A long-time Soldotna teacher, Lucretia Mae Carter, who passed away on May 20, 2015, is being honored with a display of her own doing at the Joyce K. Carver Memorial Library.
The second grade instructor called Soldotna her home until the last two years of her life.
She managed an accomplished career that she documented in various ways, including preserving the signatures of every student she taught between 1966 and 1985 on plastic dishes called the “Small Fry Plates,” a collection that is now in the possession of the Soldotna Historical Society.
“When you see it, you will like it,” said Barb Jewell, historical society treasurer.
The local organization was given the series, and plans to find other venues to house and display the plates once they leave the library.
“We are just preserving history instead of throwing it away,” Jewell said. “I wouldn’t be surprised if we had display in a couple of years from now, and keep reinventing it or re-displaying it.”
While Carter never married or had children, she did leave a network of close friends in the area.
She returned to Oklahoma where her sister cared for her the last 2.5 years of her life, when she had developed dementia, said Joyce Chesney, who knew Carter since roughly 1967.
Chesney laughed when remembering her close friend, whom she said “was a very unique person.”
“She was incredibly intelligent and she had a lot of unusual interests that women didn’t have for her generation,” Chesney said. “I didn’t know a whole lot about her teaching but within the church she was incredibly generous and committed.

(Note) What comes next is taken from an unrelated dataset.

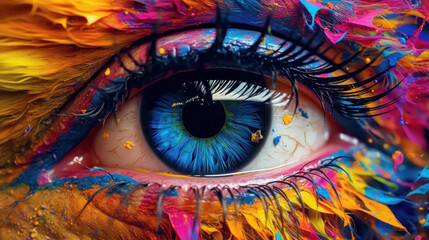 eye color explosion with the art of colorful makeup up close. Generative AI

She gave a lot of money for a lot of different things that our church supported…she was very meticulous about everything she did.”
Chesney said once Carter gave her own plate, which had preserved a drawing of her husband hunting in an airboat, which Chesney later melted in the microwave. She never told Carter of the mishap.

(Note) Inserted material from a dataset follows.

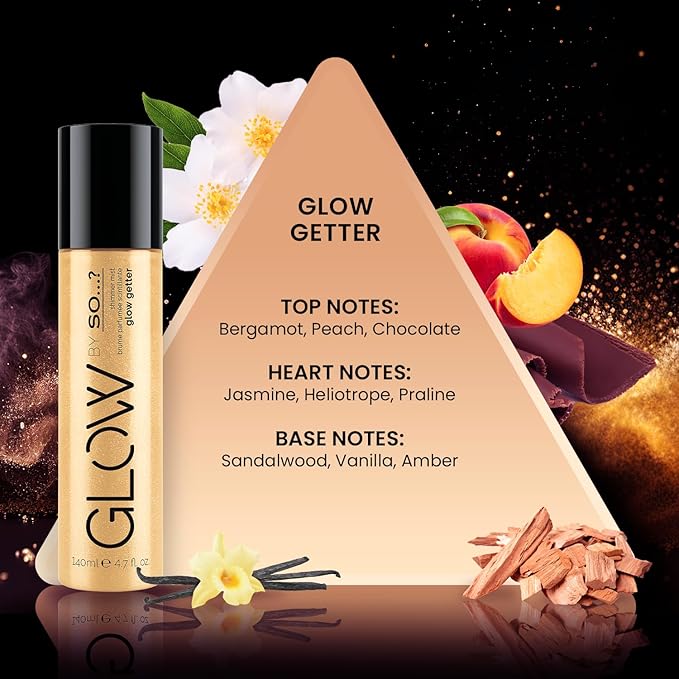 So…? Glow Shimmer Mist - Body Spray for Women - Sweet, Fruity, Vanilla Notes - Adds Sparkle and Fragrance - Vegan Body Mist - Glow Getter - 4.7 oz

Carter also had a private pilots license, and her blue and white Cessna 172, could often be seen going in and out of the Soldotna airport in the 1980s and 1990s, said another long-time friend Allen Parker. He met Carter in the Lower 48 in the early 1980s just at the end of her teaching career, and right when she began her Masters of Science in aerospace education.
Parker said Carter also sport fished and hunted. He said Carter was well known for the time she shot a moose and brought it back before she had to head to school. She almost caught a record silver salmon, and was a founding member of the Nikiski Nazarene Church.
She became Parker and his wife Oudia’s neighbor after helping them secure the plot next to her home, which Parker said was the first trailer to ever be dragged up the Alaskan Highway.
Carter was also an accomplished seamstress and taught in Australia for a time, said friend and fellow teacher Katie McCloud.
To many of her friends, the plates were a surprise.
Parker and Chesney don’t remember hearing Carter talk about the project, but were glad to hear it had found a good home.
Soldotna Librarian Rachel Nash said the collection showcases the community culture.
“I think it enriches peoples lives,” Nash said. “And one vision of the library is to connect people and this connects us to our past.”
Nash also said she is trying to develop stronger partnerships with other local organizations and this is the first collaboration the library has done with the historical society. She said the plates represent a great part of the community.
“I think it is awesome she (Carter) kept going for that many years,” Nash said.